And so, when it came up, when Oliver was a toddler and we were talking about it, he took to the idea of unschooling immediately. He has a really easy-going personality. I do a lot more research about the kids and things. And so, if I think something’s a good idea, he’s like, I’m game, so that part is easy. But he also said it just made sense that humans are wired to learn, and they don’t like to be told what to do. And he knew that he could not be coerced into learning about things that didn’t interest him. That’s why he hated parts of school.
And so, he embraced unschooling right away. And it’s really fun to see now, because he’s become quite passionate about it in his own way. It really influences the way that he teaches at his college and it ripples out from there. I feel like it affects the other professors in his department, the way that he views things. And so, it’s amazing and exciting to see like how that happens, how it ripples out from just us making our choices. But he puts the students’ interests first. He always lets them know that he’s going to help them do what they want to do.
He has removed testing completely from his program. It’s all about having conversations with them and them analyzing their own work and things like that. So, really making it about them and their experience. And it all feels really natural to him. He’s really bothered by anything the college tries to do that isn’t about putting the students first and their needs first. And so, I would say he’s a big fan of unschooling at this point.

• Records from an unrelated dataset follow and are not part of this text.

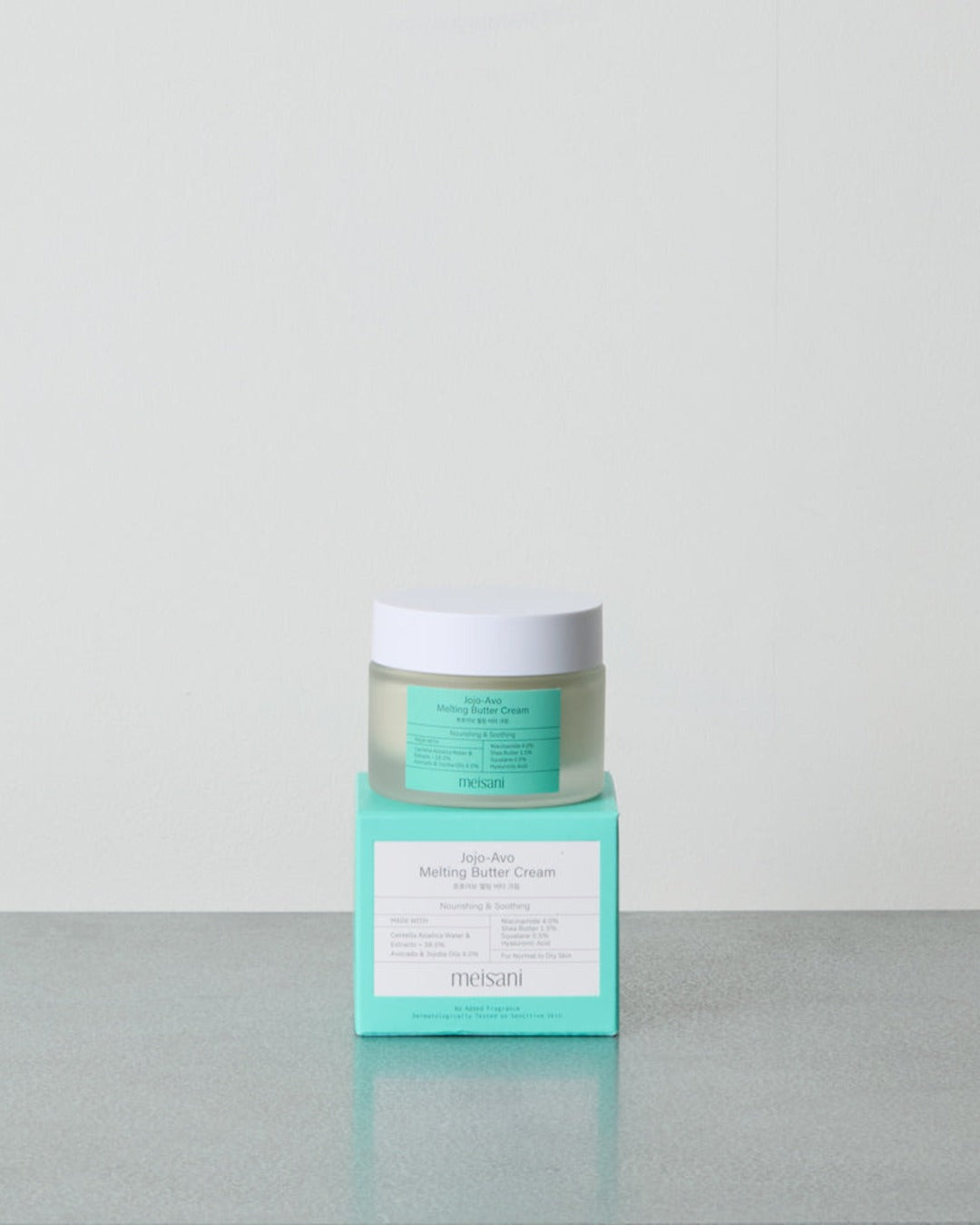 Meisani - Hydra Jojo Avo Cream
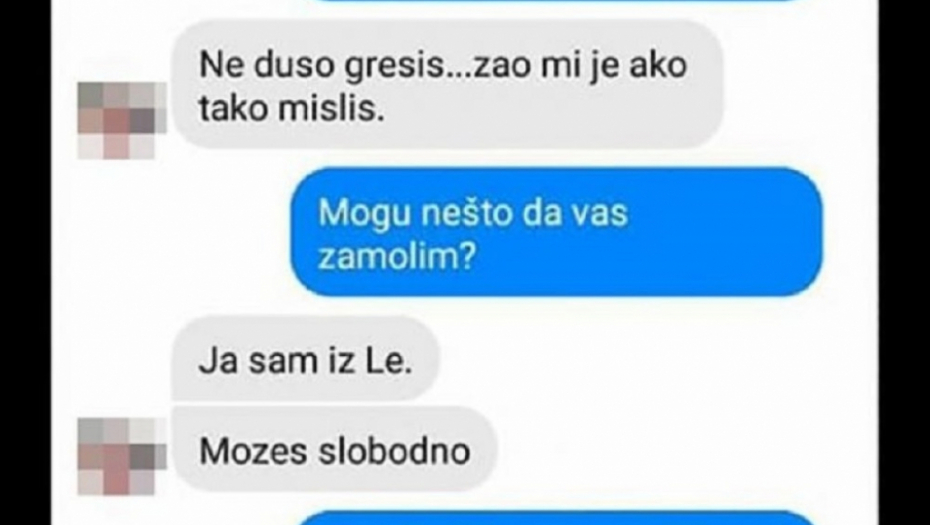Pedofil iz Leskovca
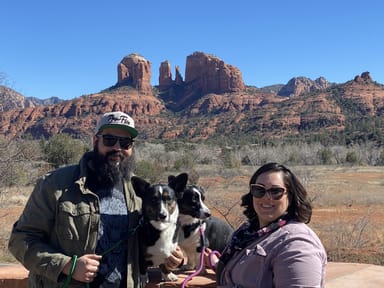 Private Scenic Sedona and Ancient Ruins Tour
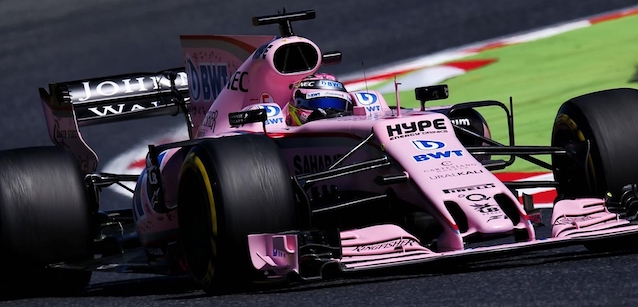 La Force India si oppone<br />agli aiuti di Mercedes a Honda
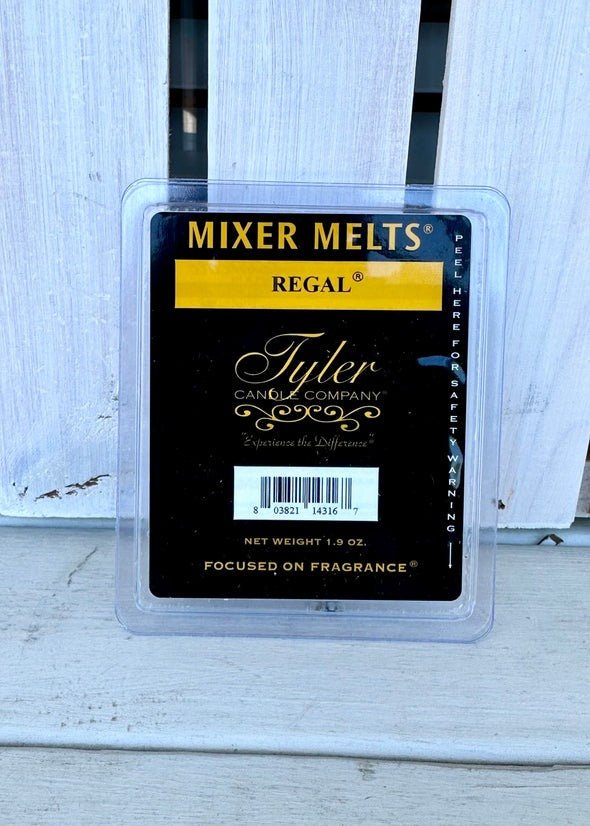 Mixer Melts - Tyler Candle Company - Jimberly's Boutique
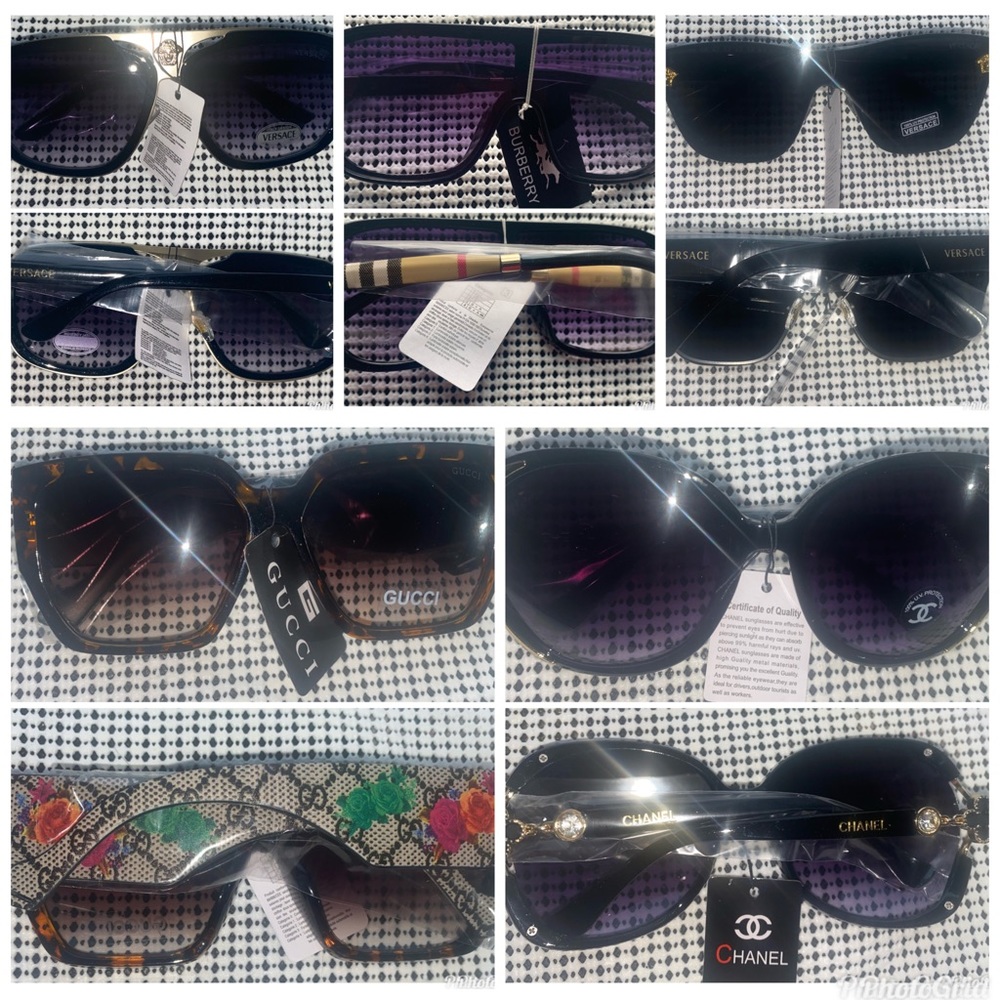 LUXURY SUNGLASSES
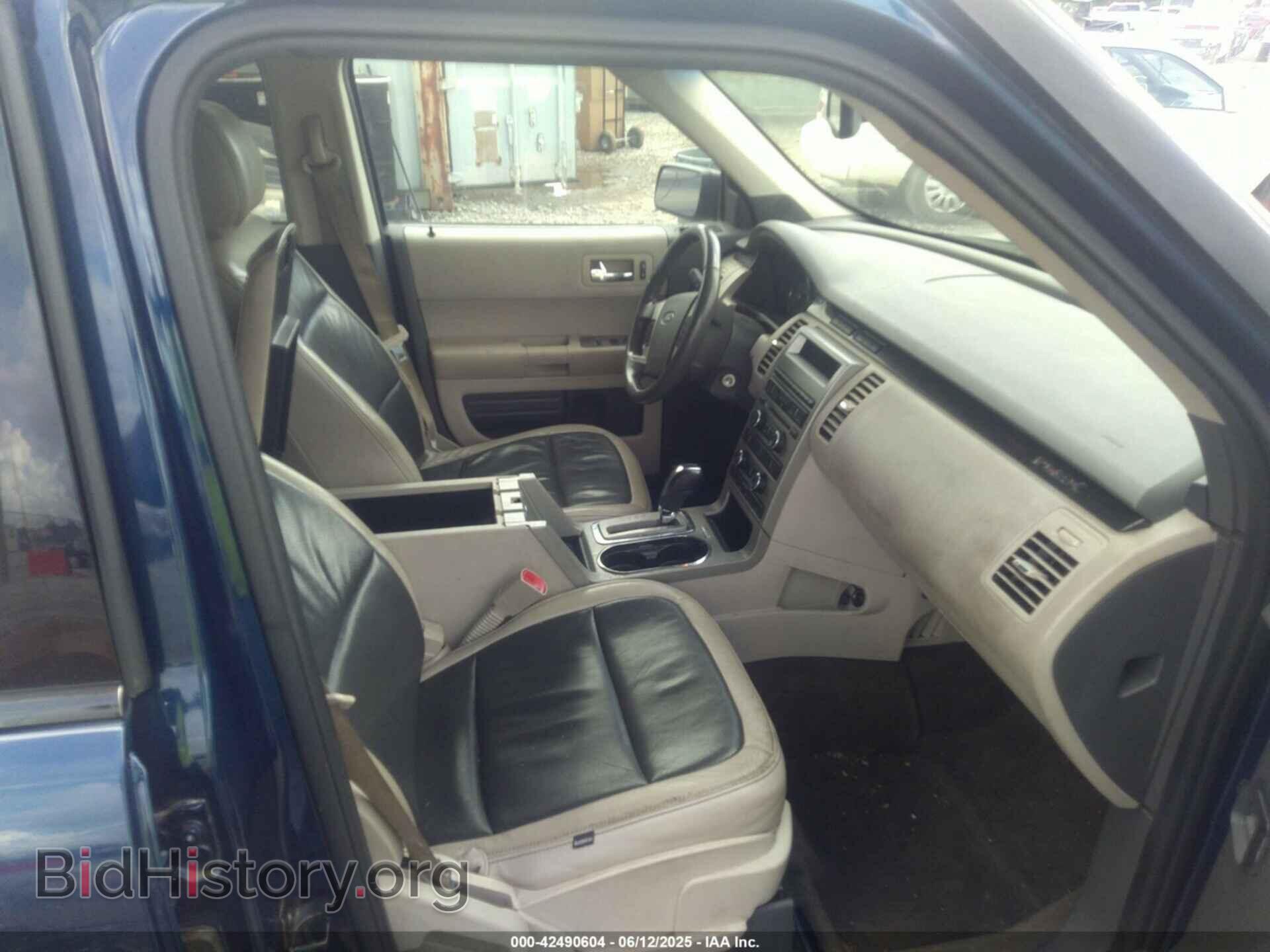 2012 FORD FLEX - VIN: 2FMGK5BC5CBD12861 - Photo 5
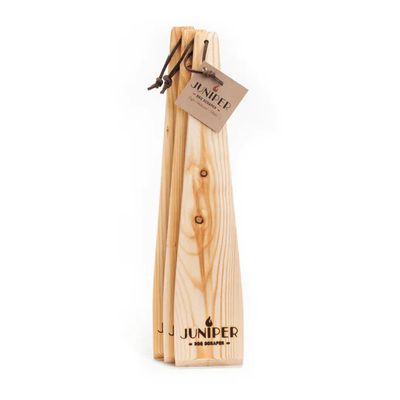 Juniper BBQ Scraper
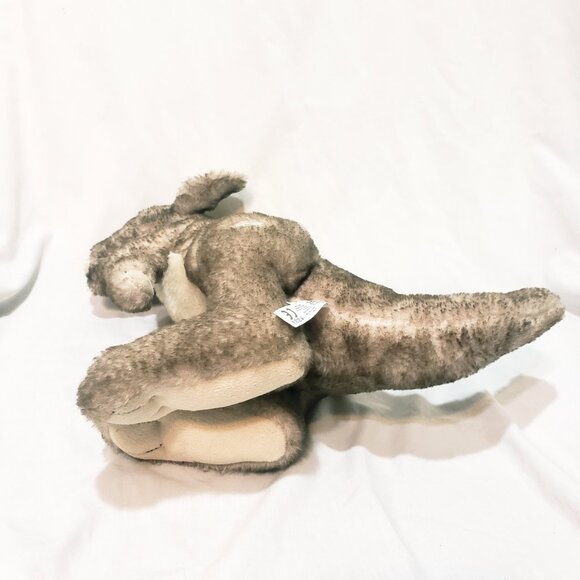 The Petting Zoo Kangaroo Wallaby 2021 Plush Stuffed Animal Toy 12" - Picture 9 of 11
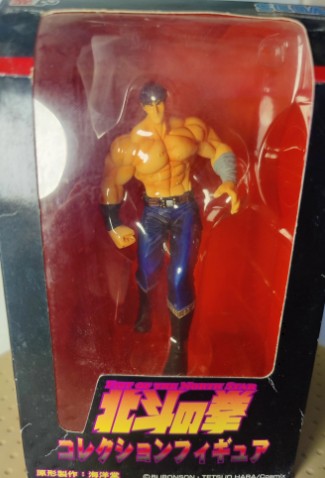 Fist of the North Star Sega Collection PVCF240 PVC Figure 12 cm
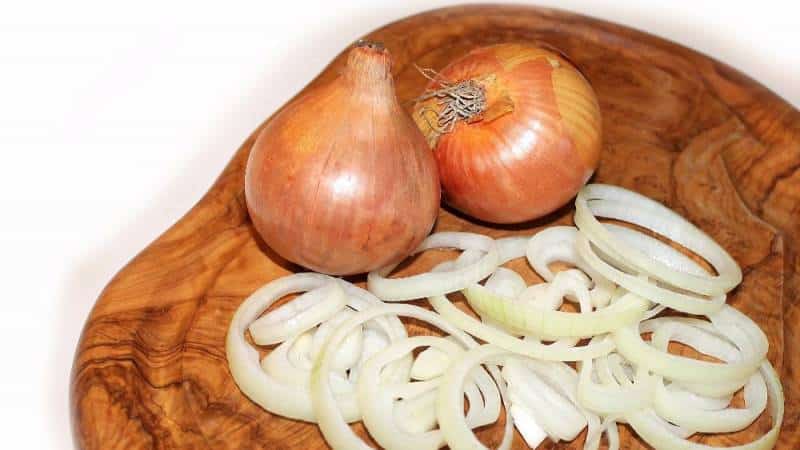 What happens if you eat onions every day?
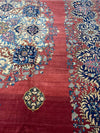 13x21 Antique Persian Kerman Area Rug - 502364.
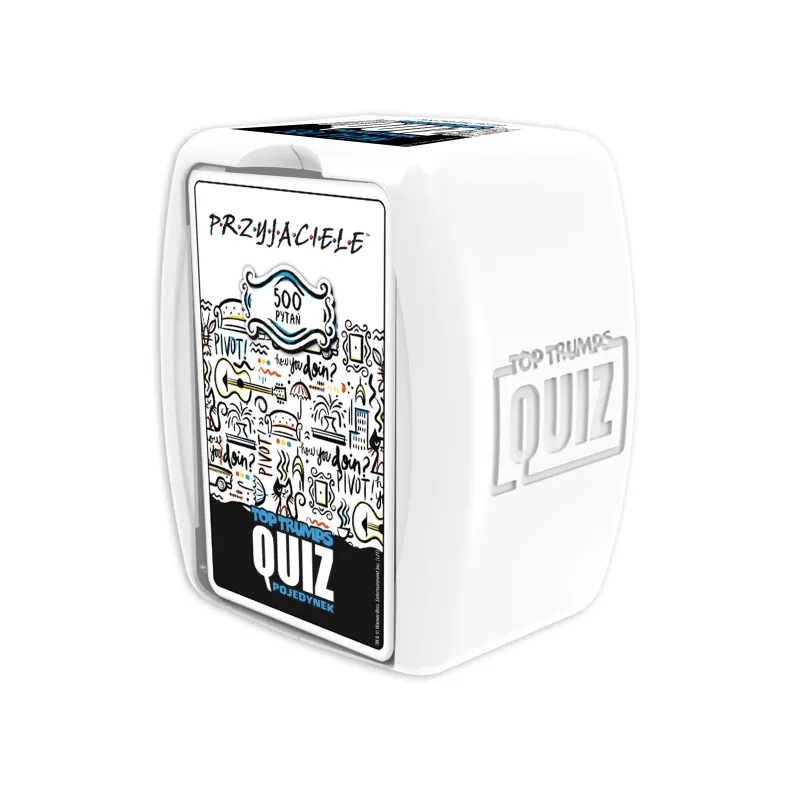 top-trumps-quiz-przyjaciele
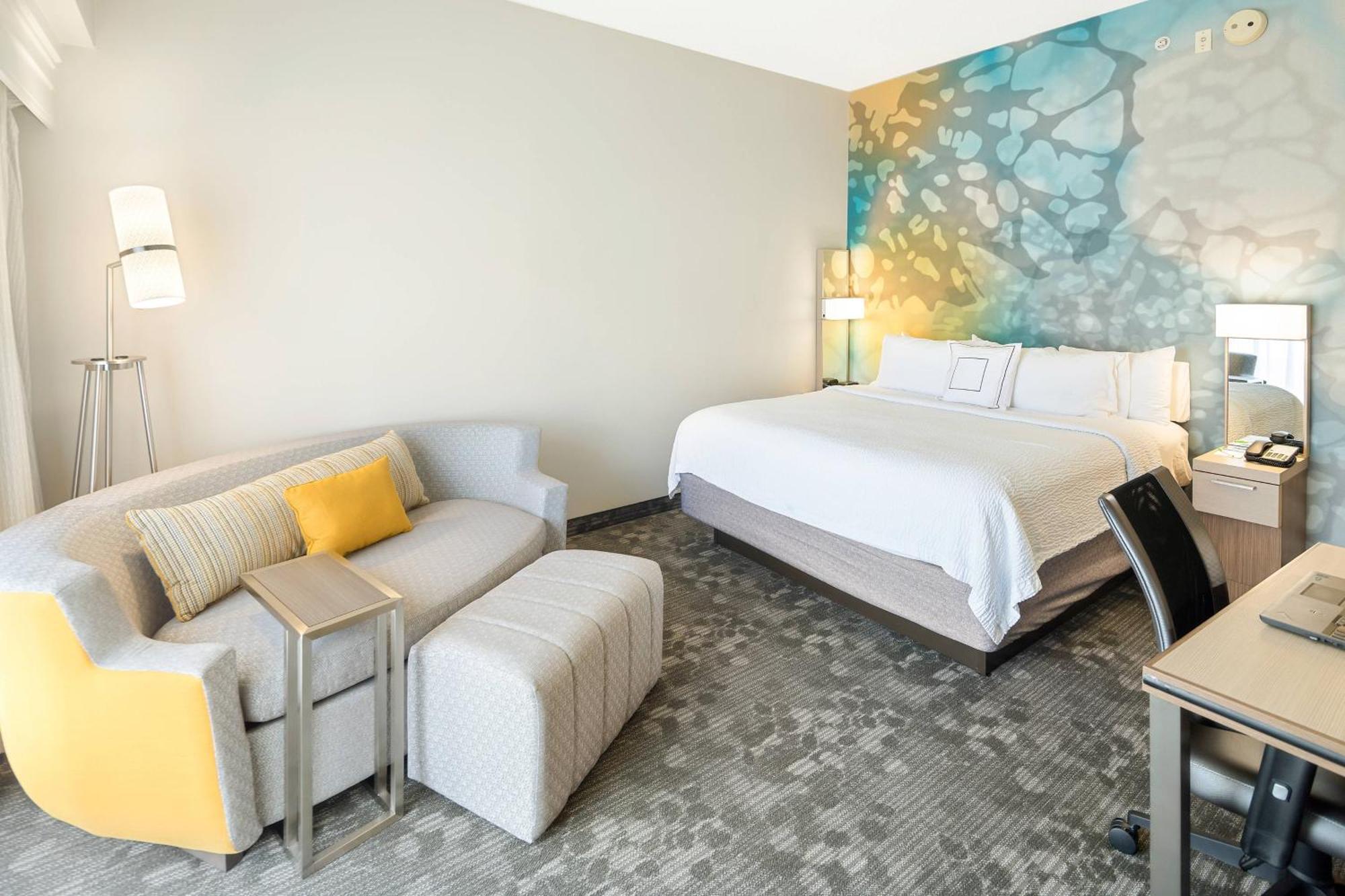 Hotel Courtyard By Marriott Bryan College Station Exteriér fotografie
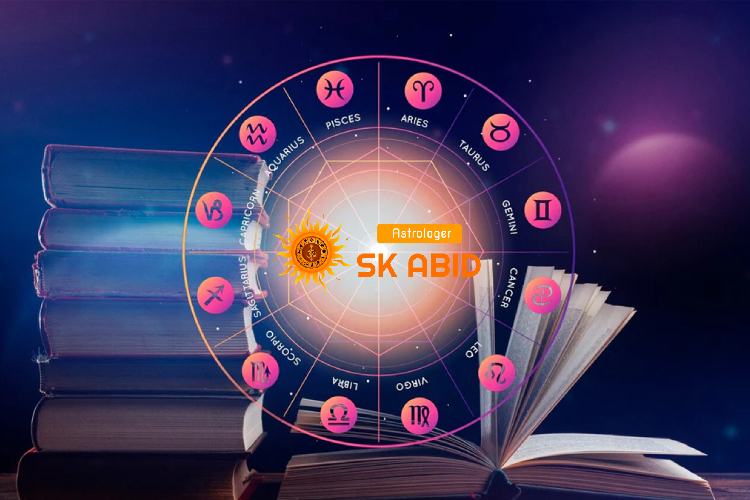 Vedic astrology horoscope reading service by SK Abid in Kolkata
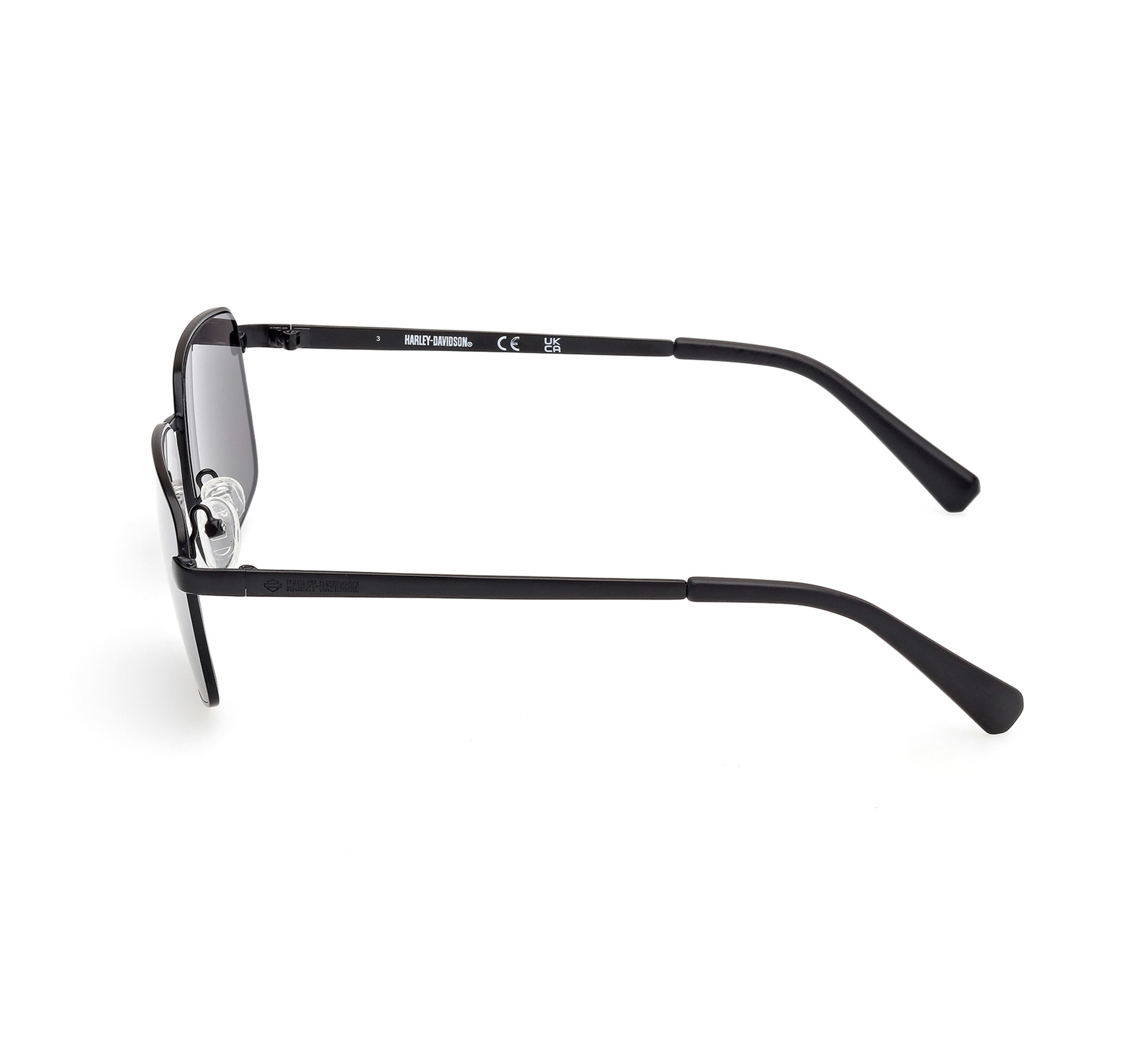 Metal Square sunglass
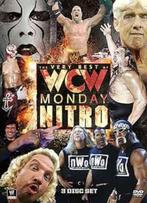 WCW Nitro Vol. 1-2-3 (Nieuw in plastic), CD & DVD, DVD | Sport & Fitness, Autres types, Neuf, dans son emballage, Envoi, Sport de combat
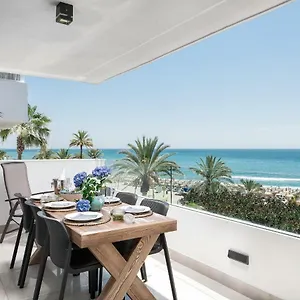 Luxury Frontline W Panoramic View Apartment Marbella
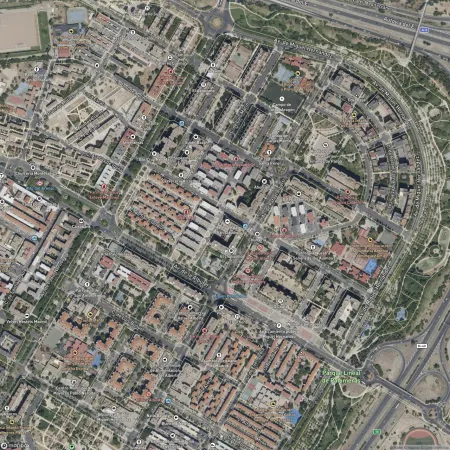 Foto del inmueble Piso de 114m2 en MADRID, MADRID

PAM: That’s amazing. I love that. And I love the way he’s finding ways to bring that understanding into his days, into the work, because he seems like he’s really excited about his work, too, and enjoys engaging with the students. That would definitely be an essential component of moving away from the testing and that extra structure and moving towards connecting with them and having conversations, et cetera. So, yeah, that’s really cool to hear about.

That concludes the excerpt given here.